Additional Readings (Provided by Instructor):

 

Supplementary Texts:

(Not required; assigned readings will be made available to the students via PDF. Books are also available on loan from the instructor's personal library for a limited time):

  • For Jazz Theory:

    • Levine, M. (1995). The jazz theory book. Petaluma, CA: Sher Music Co.

  • For Jazz Improvisation:

    • Aebersold, J. (1967). How to play jazz and improvise: Volume 1. New Albany, IN: Jamey Aebersold Jazz, Inc.

    • Reeves, S.D. (2001). Creative jazz improvisation (3rd ed.). Upper Saddle River, NJ: Prentice Hall.

  • For Jazz Arranging/Composing

    • Lindsay, G. (2005). Jazz arranging techniques. Miami, FL: Staff Art Publishing.

    • Pease, T. (2003). Jazz composition: Theory and practice. Boston, MA: Berklee Press.

    • Pease, T. & Pullig, K. (2001). Modern jazz voicings: Arranging for small and medium ensembles. Boston, MA: Berklee Press.

    • Pullig, K. & Lowell, D. (2003). Arranging for large jazz ensemble. Boston, MA: Berklee Press.

    • Wright, R. (1982). Inside the score: A detailed analysis of 8 classic jazz ensemble charts. Delevan, NY: Kendor Music.

  • For Jazz History

    • Gioia, T. (1997). The history of jazz. New York, NY: Oxford University Press.

Class Expectations

As a teaching preparation course, attendance and participation are expected for each class session.  If you know you will be absent for a class meeting, please notify the instructor at least 24 hours prior to the absence. You are responsible for making up any work you may have missed during your absence.

 

Please note that I understand that students enrolled in this course will have vastly different backgrounds and experiences with jazz music. Expectations and grading criteria will be based upon each student's individual growth and development over the course of the ten weeks. While some students may be able to improvise fluently and write complex jazz arrangements, you should not feel dismayed if you do not yet have confidence in these skills. Everyone will learn at their own pace!

 

Tips for Success:

  • In order to grow musically, it is required that you practice the improvisational techniques that we cover in class to develop your own abilities with improvisation.
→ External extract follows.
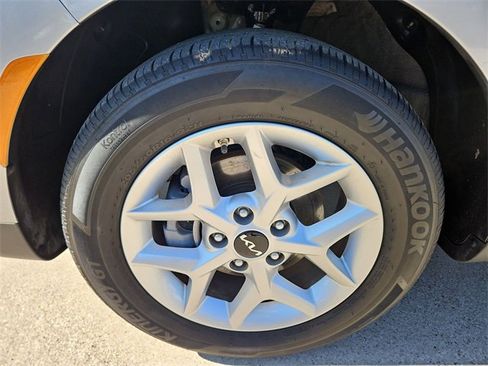 Used 2024 Kia Soul LX w/ LX Technology Package image 27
  • Be sure to keep up with the listenings. A list will be distributed in class. Please be sure to listen to these selections throughout the quarter so that you develop a familiarity with them.

  • It is your responsibility to take notes of the materials covered in class. Often, important theory concepts will be covered only in class because of the complexity of most jazz theory textbooks. Please be sure to take notes and ask questions if something is unclear.
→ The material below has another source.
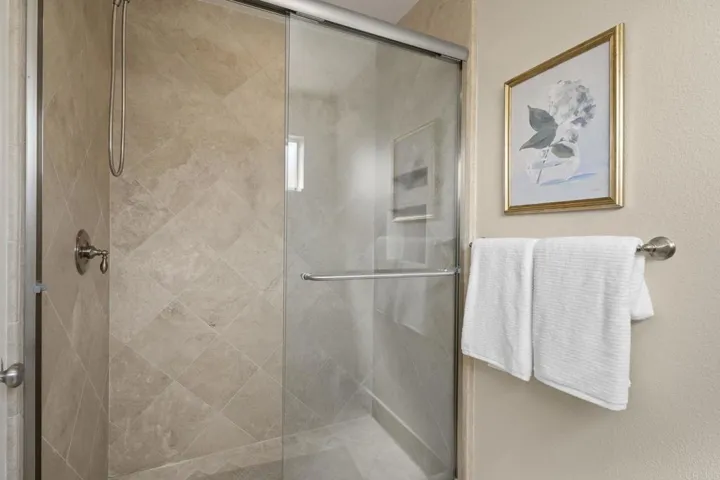 3252 Via Marin 7, La Jolla, California 92037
  • Do not wait for the last minute to start your arrangement project! Thinking of your idea might be simple, but don't underestimate the time it takes to complete the writing and voicings, and prepare your score for submission!

 

Disability Accommodations

If you would like to request academic accommodations due to a disability or temporary health condition, please contact Disability Resources for Students (DRS) at 206-543-8924 or uwdrs@uw.edu, and/or visit disability.uw.edu. Links to an external site. for more information. If you have a letter from DRS indicating that you have a disability that requires academic accommodations, please present the letter to me as soon as possible so that we can discuss accommodations needed for this class. This letter may also be sent to me electronically. I cannot provide special accommodations unless I receive approval from DRS.